Rothstein Files | 5 questions entering 2017 NBA Draft


1. What is the theme?

Guards, guards, and more guards.

Each NBA Draft is different depending on the quality of players that can be selected at the top of the board. The 2017 NBA Draft will be known for the fact that multiple franchise-caliber lead guards are available among the first 10 picks. This writer never fancies himself as an “NBA guy,” but after studying the league during the postseason and talking to several executives, it’s abundantly clear that teams that play deep into the playoffs are armed with special players in the backcourt. Washington’s Markelle Fultz, UCLA’s Lonzo Ball, Kentucky’s De’Aaron Fox, N.C. State’s Dennis Smith, and France’s Frank Ntilikina are all lead guards who could be anchors for five different franchises at the most important position on the floor.

2. Will LaVar Ball inhibit Lonzo Ball?

If he does, each executive that passes on him obviously didn’t watch UCLA last season. The 6-6 point guard single-handedly turned around the Bruins’ program and led Steve Alford’s club to 31 wins just one year after tallying only 15. Did he have help? Absolutely, but it’s important to point out that a big part of UCLA’s success was due to the fact that Ball brought the best out of everyone he played with. Bryce Alford averaged career highs in both field goal percentage (44.7) and 3-point field-goal percentage (43) thanks to Ball. He also is a major reason why teammate T.J. Leaf is expected to be taken in the middle of the first round. No one in this draft can make players around him better than Ball and it may not be close.

3. Who is the most underrated player in the lottery?

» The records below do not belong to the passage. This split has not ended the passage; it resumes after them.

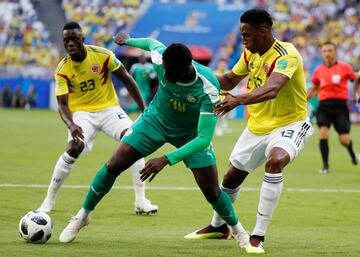 El jugador de Senegal M'Baye Niang bajo la marca de Yerry Mina durante el partido Senegal-Colombia, del Grupo H del Mundial de Fútbol de Rusia 2018, en el Samara Arena de Samara, Rusia, hoy 28 de junio de 2018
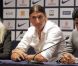 Zlatan Ibrahimovic le 18 juillet 2012 lors de sa conférence de presse au Parc des Princes en compagnie de Leonardo et Nasser El-Khalaïfi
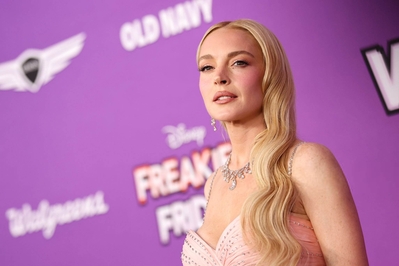lindsaylohanphotos_ff_lapremiere_282029.jpg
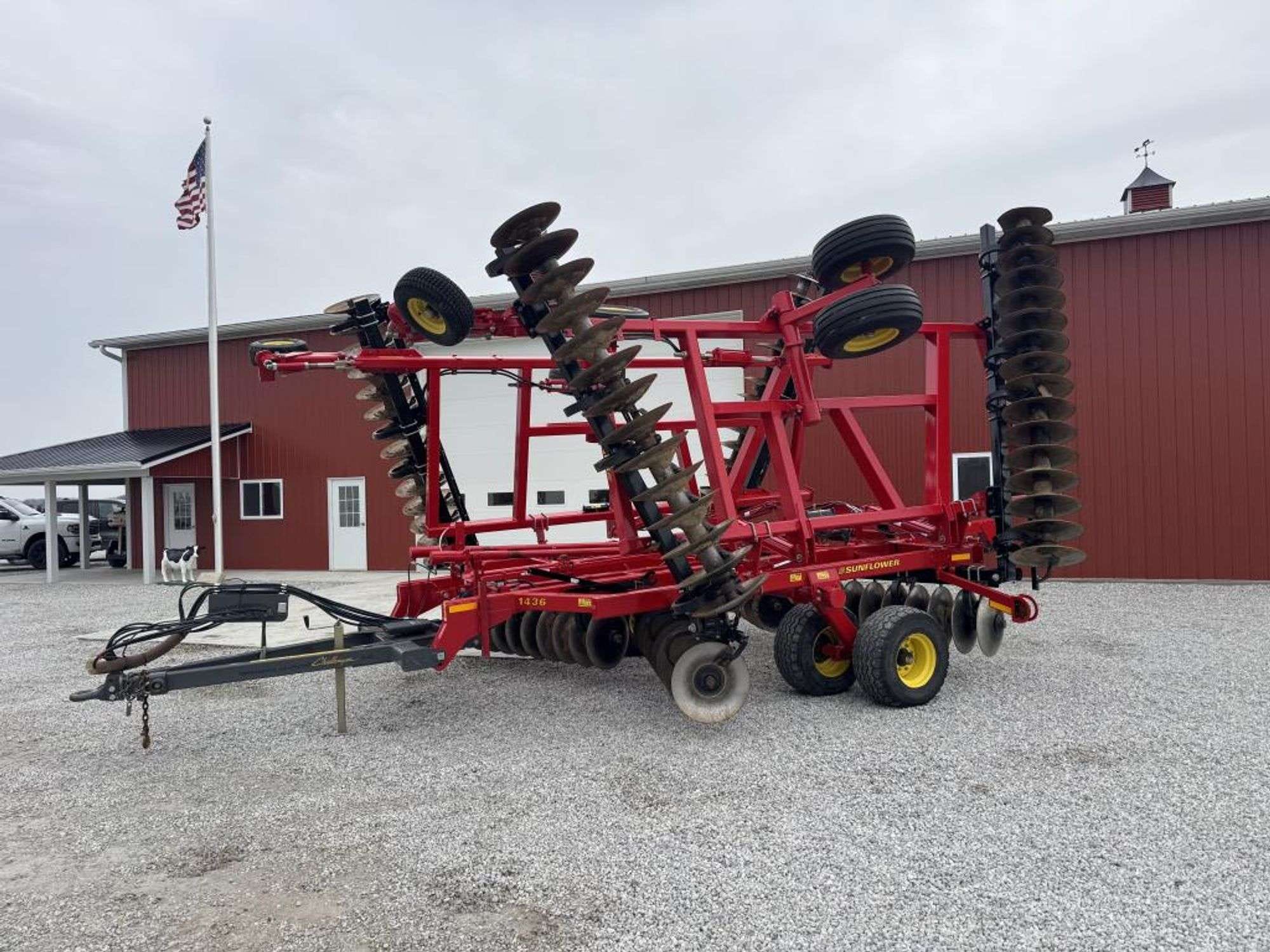 2020 Sunflower 1436-33 Equipment Image0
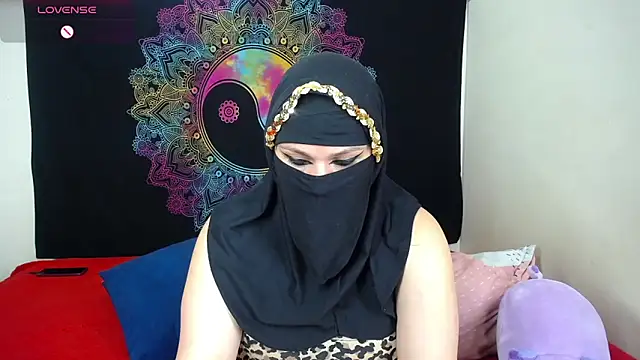 evelyn  salah online show from 10/26/25, 08:42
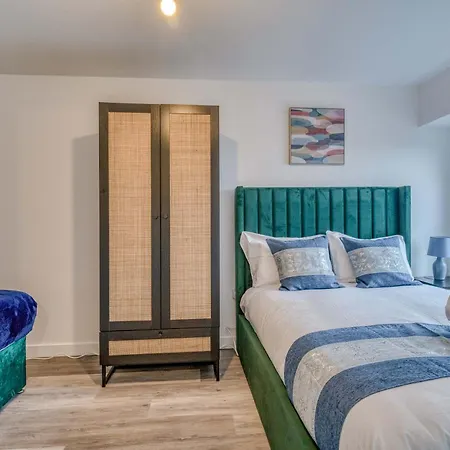 The Trafford Centre - City View - Close To Airport - Sleeps 6 * Manchester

Zach Collins. The 7-footer was a reserve last season for Gonzaga behind veterans Johnathan Williams and Przemek Karnowski, but still managed to average 10 points, 5.9 rebounds, and 1.8 blocks in just 17.2 minutes. The Las Vegas native shined in the Final Four against South Carolina, tallying 14 points, 13 rebounds, and six blocks in just 23 minutes of action. If Collins played at either Duke or Kentucky, he’d be viewed much differently heading into Thursday night at the Barclays Center in Brooklyn. This kid has all the chops to be a bona fide NBA big man for many years to come.

4. Who is set to rise?

Donovan Mitchell. The 6-2 guard is a freak athlete and has the potential to be an elite defender at the next level. NBA executives love prospects that can play multiple positions and Mitchell certainly fits that bill. Another thing to love about this kid? He has already shown tangible proof that he’s just scratching the surface on offense. After he made only 18 3-point shots as a freshman at Louisville, Mitchell nailed 80 shots from deep during this past season with the Cardinals. This writer is hearing it’s unlikely he will slide past Charlotte at 11.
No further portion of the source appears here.